Безусловно прав поэтому писатель Макс Брод, друг и душеприказчик, не ставший сжигать рукописи Кафки вопреки его завещанию. Он не стал выполнять волю Кафки, потому что никакой воли у Кафки не было. «Ты хотел сжечь рукописи и не хотел сжигать их», — мог бы сказать он своему другу. В конце концов, завещание написано, судя по всему, в 1922 году, то есть за два года до смерти. За это время Кафка и сам мог бы сжечь все, что считал необходимым. Сжег ведь вторую часть «Мертвых душ» Гоголь — один из учителей и предтеч, тот, кто и Кафку накрыл своей «Шинелью» (а может быть, еще плотнее — «Записками сумасшедшего»). А Кафке и хотелось повторить это писательское самоубийство и не хотелось, боязно было его повторять.
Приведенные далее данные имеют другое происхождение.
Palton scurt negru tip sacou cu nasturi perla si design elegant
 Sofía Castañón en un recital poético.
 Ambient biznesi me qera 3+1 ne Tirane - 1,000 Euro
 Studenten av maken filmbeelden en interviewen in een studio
Россия, кстати, постоянно занимала и как-то притягивала к себе Кафку. «Безграничная притягательная сила России», — обмолвился он как-то в своем дневнике. Нередко упоминается Россия и в новеллах («Приговор»), и в письмах. Русские писатели — те из иностранных, кого Кафка читает всего чаще. Вчитывается и в их биографии, в письмах к друзьям и возлюбленным нередко пересказывает те или иные эпизоды из жизни своих любимцев — Гоголя и Достоевского. Но воспринимает он все сугубо по-своему, на свой мрачный кафковский лад. Достаточно вспомнить знаменитую сцену писательского дебюта Достоевского, когда к нему среди ночи вторглись Некрасов с Григоровичем, чтобы выразить свой восторг по поводу только что прочитанных «Бедных людей». Захлестнувшее Достоевского счастье Кафка оставляет без всякого внимания, из сложной гаммы чувств, переполнивших юного писателя, он выделяет — изымает, раздувает, смакует — одно: самоунижение. Достоевский, глядя вслед удаляющимся друзьям, одарившим его своими восторженными похвалами, думает, по Кафке, будто бы исключительно о том, как он жалок и низок и не достоин их.
Примерно так же смещенно воспринимает Кафка и немецких писателей — особенно дорогих его сердцу Клейста и Гёте.